The Greenhouse Gas Protocol (GHGP) recently proposed revisions to its guidance for corporate greenhouse gas emissions accounting, opening a 60-day public comment period. The proposed revisions apply to greenhouse gas emissions associated with companies’ electricity consumption, otherwise known as “Scope 2” emissions. The most important change is the incorporation of two new requirements into what the GHGP calls the market-based method of accounting: “hourly matching” and “deliverability.”
These changes are akin to requirements in the Biden administration’s guidance for the 45V hydrogen production tax credit. We can draw on the independent analyses done during that time to conclude that these changes to the GHGP, if all participating corporations were to comply, would likely lead to lower emissions, but that the mechanism driving those reductions isn’t what one might first expect.
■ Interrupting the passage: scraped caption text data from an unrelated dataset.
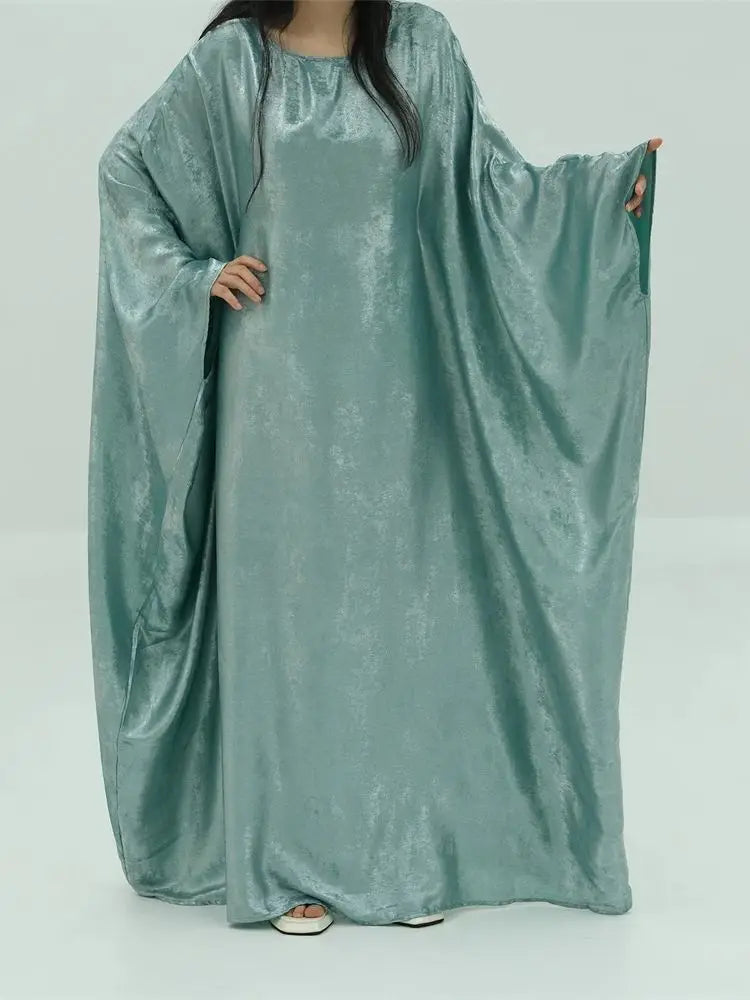 Gradient Color Shiny Batwing Satin Maxi Abaya Dubai Luxury 2024 Abayas For Women Muslim Kaftan Dress Islam Caftan Marocain Femme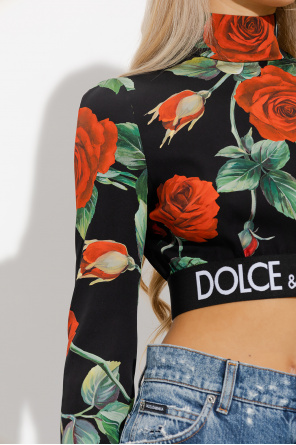 DOLCE & GABBANA BRA WITH LOGO High neck crop top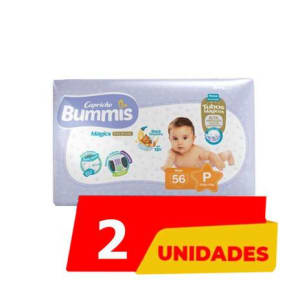 Kit com 2 Pacotes de Fraldas Capricho Bummis Mega Premium P 56 Unidades Cada (Total 112 unidades)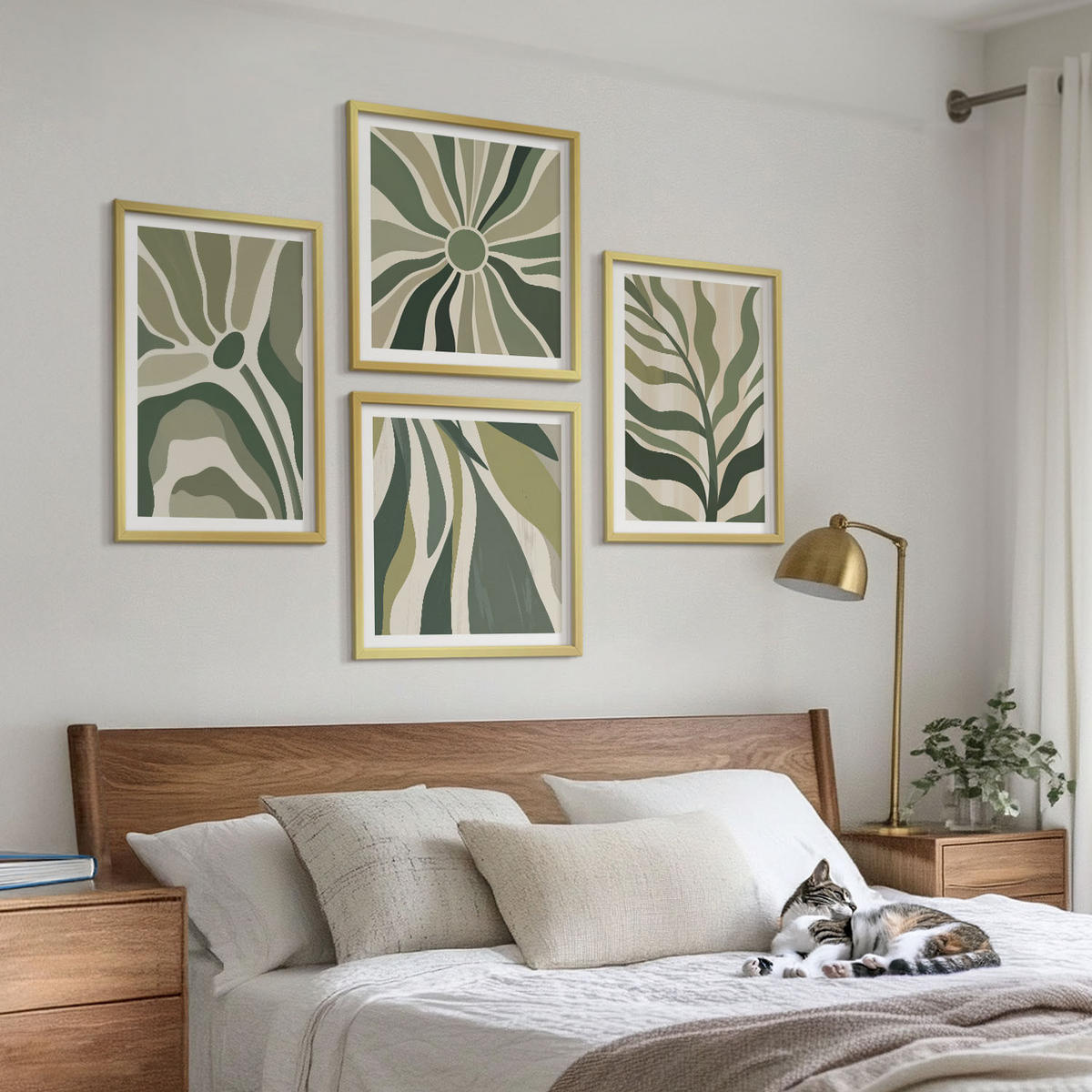 BILDER SET 4er Set - 50x50 cm & 40x60 cm Goldrahmen - Bemalte Blätter mit Grün - Goldfarben, Kunststoff (50/50cm) - TULUP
As I will describe, hourly matching and deliverability constrain the supply of energy attribute certificates (EACs), increasing the price of those certificates and, consequently, the amount of money going to clean generators. This increase in revenues for clean generators leads to more clean energy and lower emissions.
These analyses of the hydrogen production tax credit were done in the context of a regulatory policy. In contrast, corporations’ use of GHGP emissions accounting is entirely voluntary. If EAC prices rise substantially, corporations may choose to curtail their EAC purchases, limiting the impact on clean energy deployment and emissions. Moreover, the GHGP’s suggested changes also increase the complexity of complying with the guidance, which perhaps could even drive some companies away from voluntary emissions accounting entirely.
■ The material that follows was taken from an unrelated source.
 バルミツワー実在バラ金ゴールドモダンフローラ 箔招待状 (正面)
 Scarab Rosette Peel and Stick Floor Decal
This is the first in a series of blog posts describing the GHGP’s proposed guidance changes, what these changes mean, and potential challenges with implementation.
The Greenhouse Gas Protocol and Corporate Accounting
The GHGP, a joint effort between World Resources Institute and the World Business Council for Sustainable Development, establishes standards and guidelines for carbon accounting in many contexts. The current revision is about the corporate standard, which attributes emissions to corporations (rather than, say, products).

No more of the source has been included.